TASK DESCRIPTION:
Nothing but the text of the listing, repeated exactly, belongs in the answer; leave the images out.

─── GIVEN MATERIAL ───

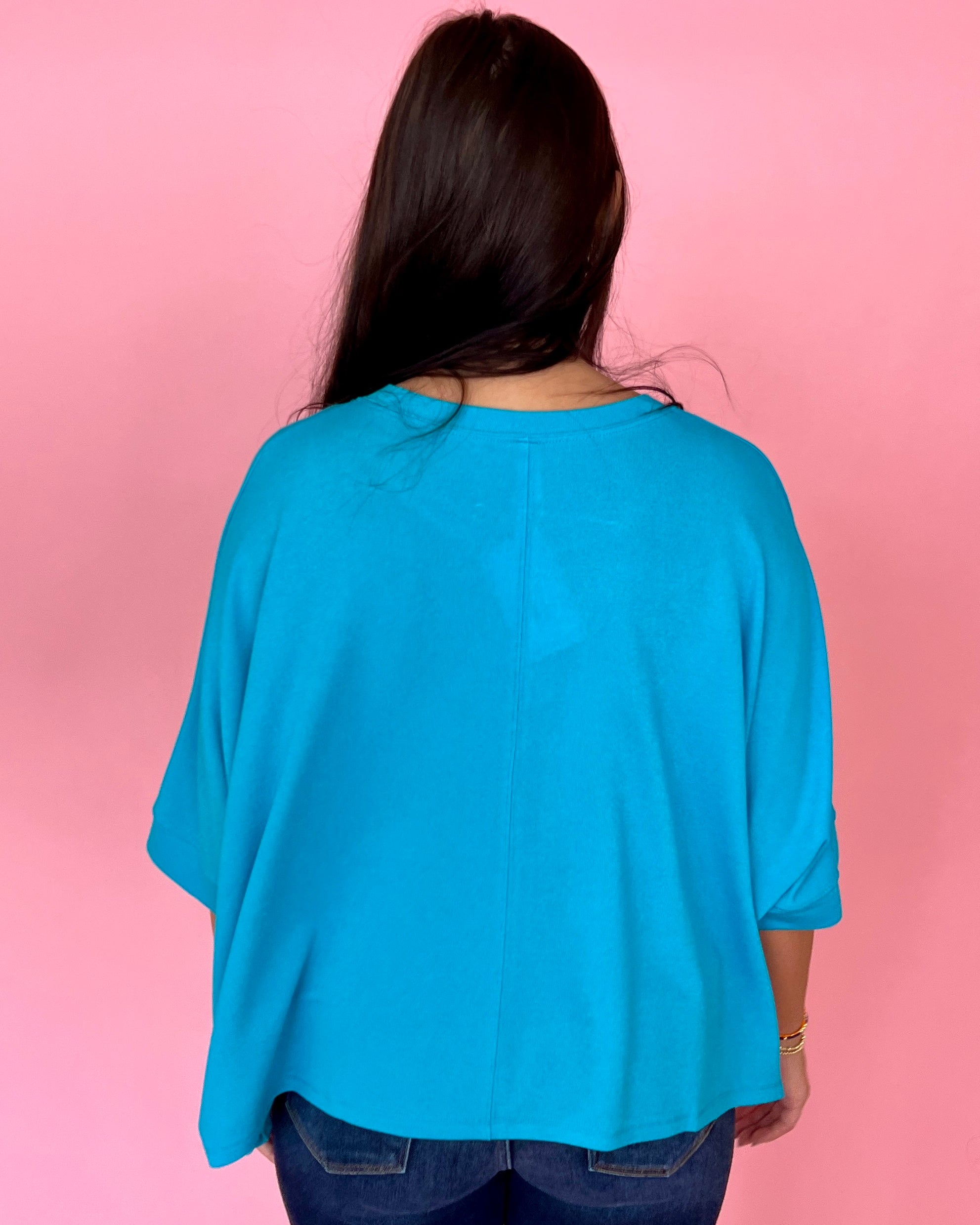Still Have Time Teal Round Neck SS Knit Top-Shop-Womens-Boutique-Clothing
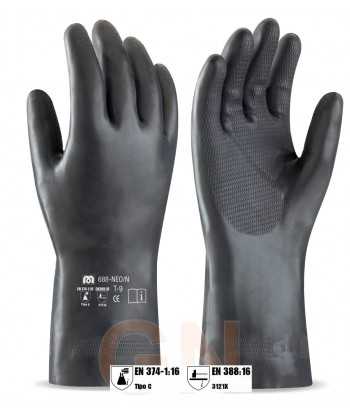 Guantes de neopreno para productos químicos  (30 cm)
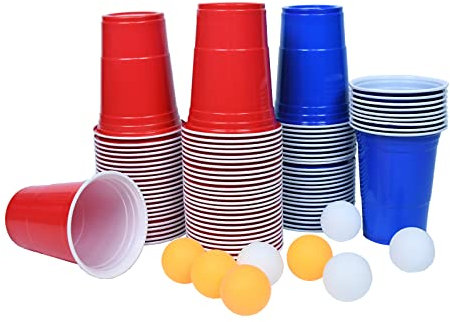 TRMLBE Beer Pong Becher Bierpong Becher Set (100 Beerpong Becher +10 Bällen) Bierpong Becher Wiederverwendbar Plastikbecher Rot und Blau für Party Trinkspiele Geburtstag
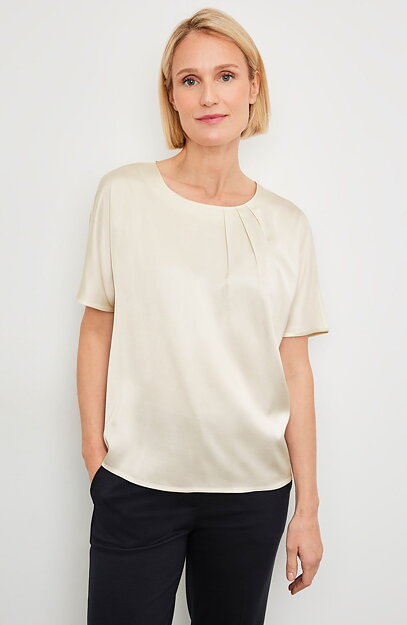 Topp glansig framsida tre veck offwhite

───

RESPONSE AREA:
Still Have Time Teal Round Neck SS Knit Top-Shop-Womens-Boutique-Clothing
 Guantes de neopreno para productos químicos  (30 cm)
 TRMLBE Beer Pong Becher Bierpong Becher Set (100 Beerpong Becher +10 Bällen) Bierpong Becher Wiederverwendbar Plastikbecher Rot und Blau für Party Trinkspiele Geburtstag
 Topp glansig framsida tre veck offwhite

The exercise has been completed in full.